Jayzao;4397609; said:
Thanks for the great info.
The water hardness has been pretty well maintained (by way of test strip) as I have quite a few natural rocks from the yard. But the information about the depletion due to RO makes perfect sense similar to humans drinking too much distilled water and becoming Hypervolemic hyponatremia candidates.
PH has remained stable, but high due to rocks and crustacean population but I will continue to test and start changing water using the tap.
My main concern with tap water was chlorine. Should I use a water treatment in addition?
Use dechlorinator.
I use API dechlor, but I've also used stress coat, prime and several others. Prime detoxifies nitrites and ammonia and can remove nitrates to an extent, but it smells really bad, so that's why I use API.

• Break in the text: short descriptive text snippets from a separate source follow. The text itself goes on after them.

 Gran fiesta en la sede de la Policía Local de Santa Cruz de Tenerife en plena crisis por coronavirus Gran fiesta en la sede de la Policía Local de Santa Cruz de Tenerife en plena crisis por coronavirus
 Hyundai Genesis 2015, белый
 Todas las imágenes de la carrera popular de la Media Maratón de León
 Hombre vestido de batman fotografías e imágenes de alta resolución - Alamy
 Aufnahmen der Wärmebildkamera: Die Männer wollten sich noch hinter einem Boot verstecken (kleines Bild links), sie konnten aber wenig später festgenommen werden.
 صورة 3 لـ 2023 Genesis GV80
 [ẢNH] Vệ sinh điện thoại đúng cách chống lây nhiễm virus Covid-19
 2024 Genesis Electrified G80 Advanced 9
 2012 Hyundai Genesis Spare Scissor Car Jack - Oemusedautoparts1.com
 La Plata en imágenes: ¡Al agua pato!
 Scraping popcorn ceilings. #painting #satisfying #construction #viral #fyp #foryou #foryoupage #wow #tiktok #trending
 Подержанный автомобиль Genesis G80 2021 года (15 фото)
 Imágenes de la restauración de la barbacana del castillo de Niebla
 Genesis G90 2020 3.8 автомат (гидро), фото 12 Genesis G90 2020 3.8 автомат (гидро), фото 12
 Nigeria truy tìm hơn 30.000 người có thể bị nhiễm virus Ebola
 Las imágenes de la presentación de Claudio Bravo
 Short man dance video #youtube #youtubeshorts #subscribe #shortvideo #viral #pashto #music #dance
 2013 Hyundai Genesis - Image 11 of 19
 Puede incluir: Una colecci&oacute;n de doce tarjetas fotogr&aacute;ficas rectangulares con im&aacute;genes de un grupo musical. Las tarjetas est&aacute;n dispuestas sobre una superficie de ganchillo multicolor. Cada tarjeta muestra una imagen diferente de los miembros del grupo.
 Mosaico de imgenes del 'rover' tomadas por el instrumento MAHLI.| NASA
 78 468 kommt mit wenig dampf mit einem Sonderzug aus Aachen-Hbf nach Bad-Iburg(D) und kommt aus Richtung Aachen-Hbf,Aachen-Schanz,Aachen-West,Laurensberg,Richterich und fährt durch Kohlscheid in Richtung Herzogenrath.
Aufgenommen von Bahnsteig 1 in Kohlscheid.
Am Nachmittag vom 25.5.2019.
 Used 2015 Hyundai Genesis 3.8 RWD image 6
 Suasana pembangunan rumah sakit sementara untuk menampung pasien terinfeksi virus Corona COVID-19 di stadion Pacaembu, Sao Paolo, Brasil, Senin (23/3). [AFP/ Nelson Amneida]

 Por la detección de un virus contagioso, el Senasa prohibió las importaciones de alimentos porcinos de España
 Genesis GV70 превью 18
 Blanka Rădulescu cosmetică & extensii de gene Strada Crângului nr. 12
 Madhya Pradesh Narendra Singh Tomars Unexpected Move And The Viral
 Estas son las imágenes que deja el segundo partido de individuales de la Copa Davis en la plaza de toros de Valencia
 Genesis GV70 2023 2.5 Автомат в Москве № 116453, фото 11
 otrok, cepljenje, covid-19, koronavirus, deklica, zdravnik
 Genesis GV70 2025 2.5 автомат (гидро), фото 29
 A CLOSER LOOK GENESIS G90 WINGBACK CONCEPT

Calcium carbonate based rocks (like limestone) will maintain hardness and alkalinity to an extent, but put in pure RO they probably won't dissolve fast enough to keep the hardness and alkalinity up high enough. Plus your fish do need more than just calcium and carbonates.
I would also recommend finding a liquid test kit (I use API) to test alkalinity, hardness, and pH, because the strips are notoriously inaccurate. Really the strips are not trustworthy for most tests (ammonia, nitrites, nitrates etc) because they will degrade when sitting on the shelf, after opened, and can be faulty directly from the factory for that matter due to mishandling.
You can use RO water if you get something like Kent Marine RO Right to add the hardness and electrolytes back into the water. They also make something for alkalinity, but you can really use baking soda (being sodium bicarbonate it will raise your alkalinity (due to the bicarbonate) but not the hardness) , along with limestone based rocks in the aquarium.